In many ways, award winning plays that have been performed by award winning companies is a risky one for amateur productions because, it can be the case, that the only way is down. However, rest assured, the Harlow Theatre Company production that we saw was a wonderfully dark, comic and perfectly pitched descent into hell.
Lars (Clive Weatherley) is celebrating the fact that his pop psychology book ‘Beyond Belief ‘ is now a best seller. His wife Paige, a self-confessed ‘rich-bitch’ (Jane Miles) decides to throw a dinner party in his honour, and carefully plans a surprise menu that will fittingly mark the occasion: ‘Primordial Soup’, ‘Apocalypse of Lobster’ and for dessert ‘Frozen Waste’.
Jane Miles positively simmers with resentment and anger. The versatile actress spits out her poisonous lines with great accuracy. Dressed in scarlet, her look of contempt as Wynne (Wendy Grant) comes to the party dressed like Pam Ayres on a windy day, is worth the admission price alone.
Clive Weatherley remains a key part of the ensemble as he is both the subject of celebration and contempt.
As usual, the actors are pitch perfect and intertwine perfectly. There are times, when, all sat at the table, that each actor is a mini-play all of their own and each actor is worth watching, whether they are speaking or not.
Catherine Stewart’s plays Sian, the younger wife of Hal. Catherine comes across as a mixture between Janine from EastEnders and Lady Macbeth. Or to be more accurate, she plays a scheming, bitchy journalist. Suffice to say that this 52-year-old hack thought you got it spot on!

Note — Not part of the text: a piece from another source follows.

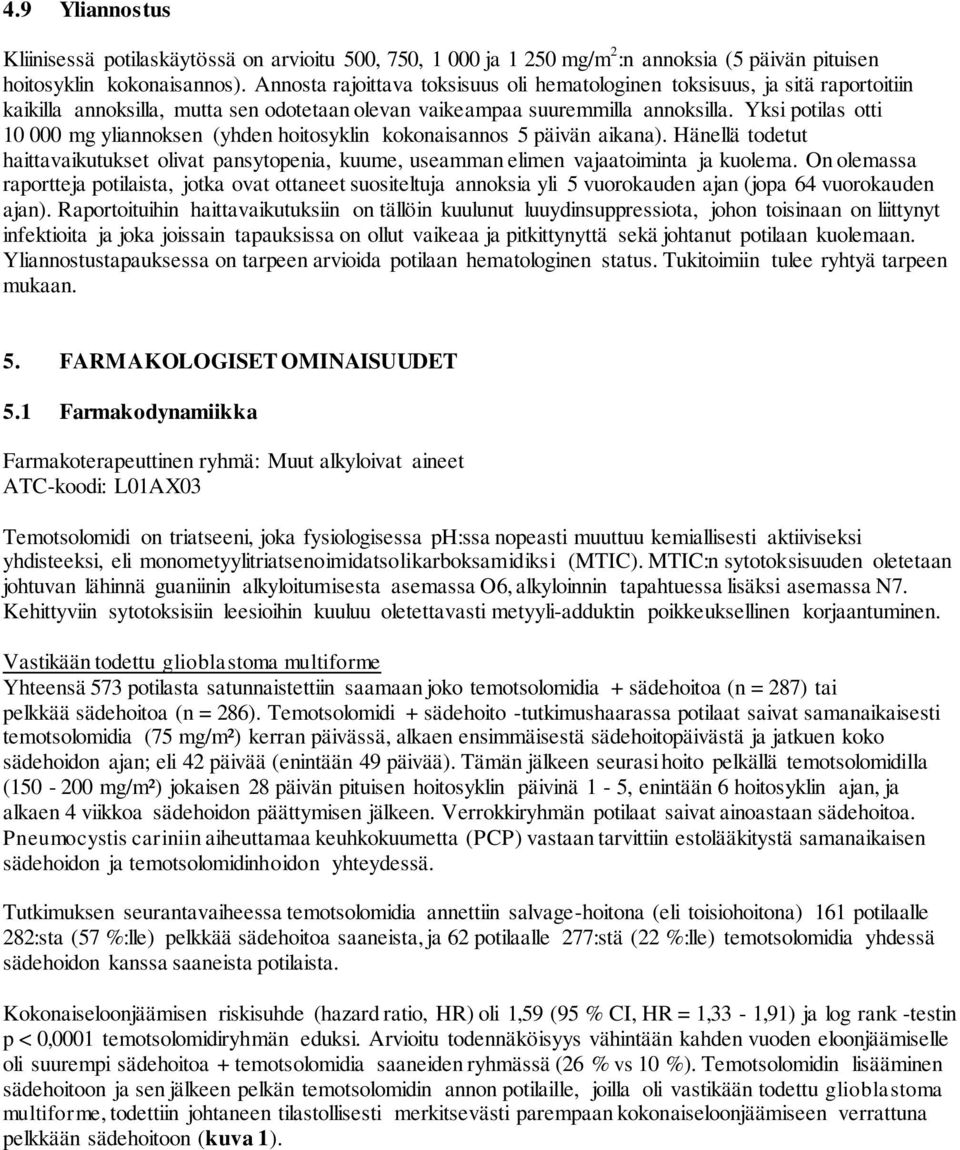 Yksi potilas otti 10 000 mg yliannoksen (yhden hoitosyklin kokonaisannos 5 päivän aikana). Hänellä todetut haittavaikutukset olivat pansytopenia, kuume, useamman elimen vajaatoiminta ja kuolema.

Joe Bishop proved that he is a very flexible actor as we last saw him play Orlando in As You Like It. This time, he plays a ex-Army lad, who may or not be a burglar.
Paul Stephenson as Hal is a pleasure to watch as he is very relaxed in his role but like Clive Weatherly acts like a foil for the more showier performances.

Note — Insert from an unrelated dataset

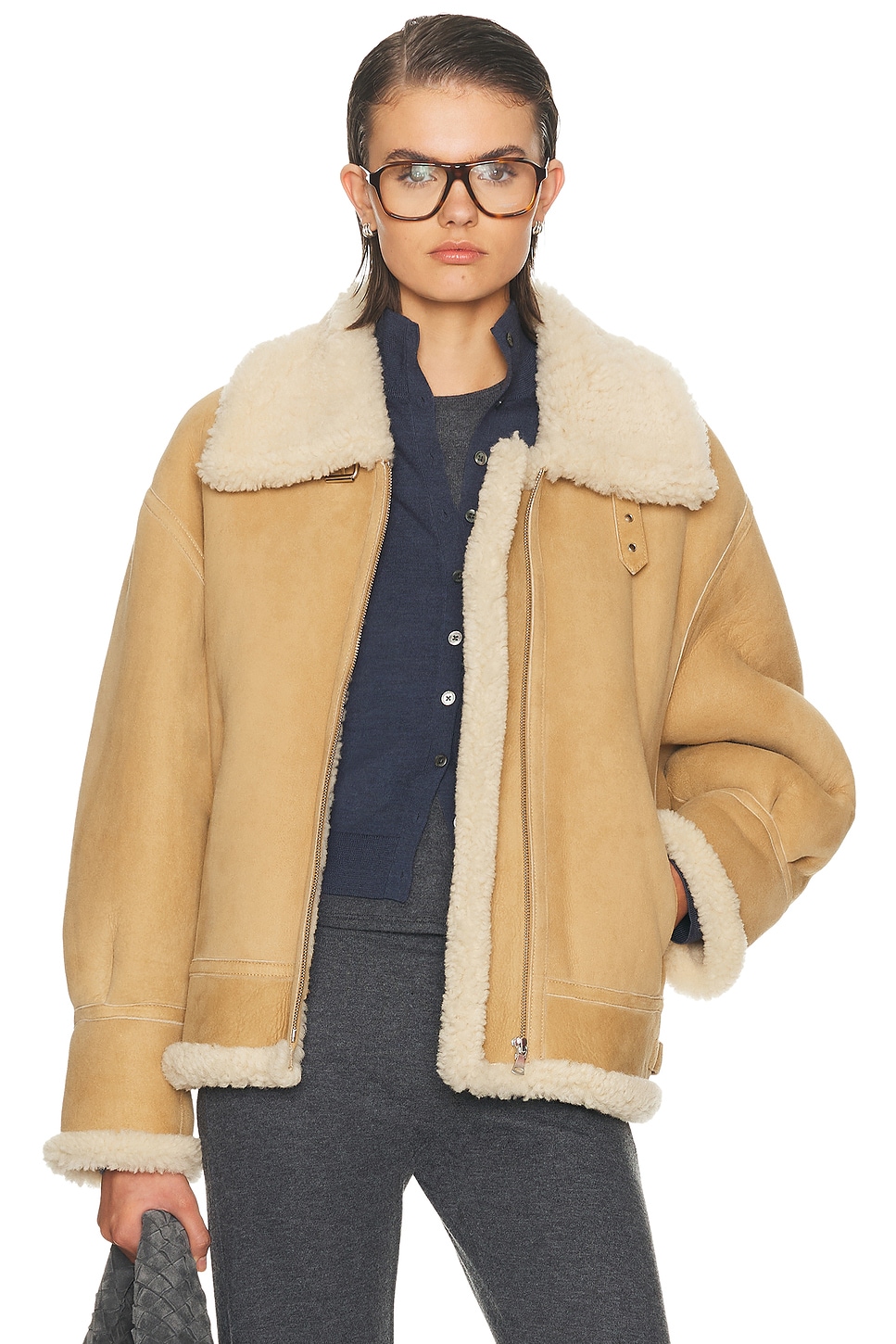 NOUR HAMMOUR Elsa Jacket in Brown Marble - Brown. XL also in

It is a cracking script but this play, in the wrong hands, can go flat instead this is a superb, ensemble piece that had the audience in raptures. At times the audience was in convulsions with laughter and then struck with the mounting tension.
A special word goes to Steve Hannam as The Waiter. Steve personifies brooding menace. No, he really does! The fact that he lives around the corner from this reporter has not got us worried at all. Oh no…

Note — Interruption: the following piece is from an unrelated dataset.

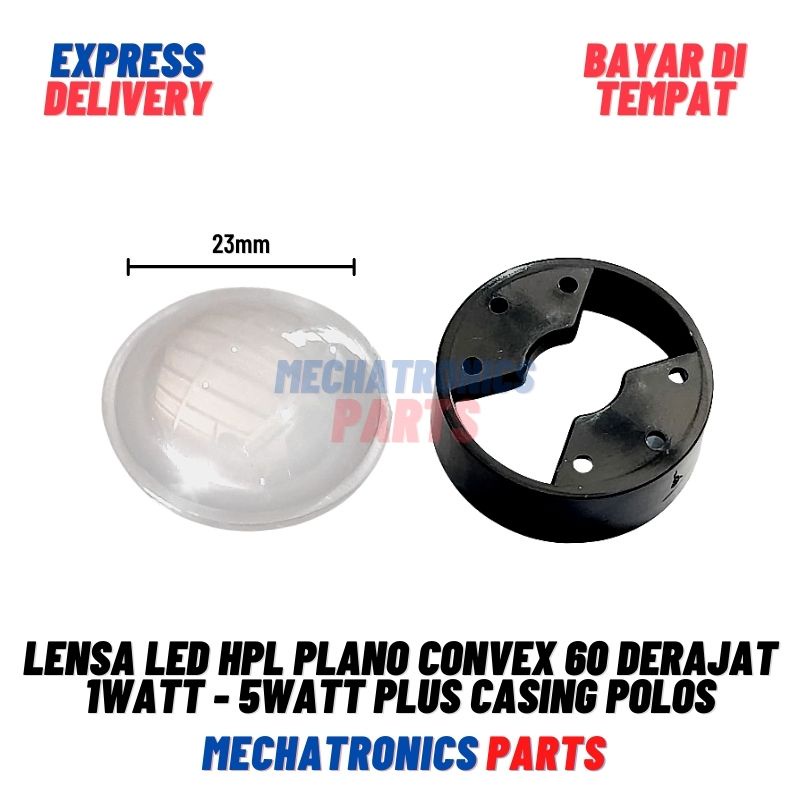 2PCS [DSP-9091] LENSA PLANO -CONVEX 60 DERAJAT+CASING POLOS HPL 1W-5W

The set is perfect and perfectly lit. Once again, Bernard Moule’s direction hits the right notes but it is the interplay between the characters throughout the whole play that keeps the audience engaged.
Friday’s performance was in front of a packed house. This was not an easy play and the peppering of a certain word is always going to be a hard one but they did it with dramatic integrity.
Dinner by the Harlow Theatre Company is a banquet of acting excellence from each and every actor. Once, again, well done.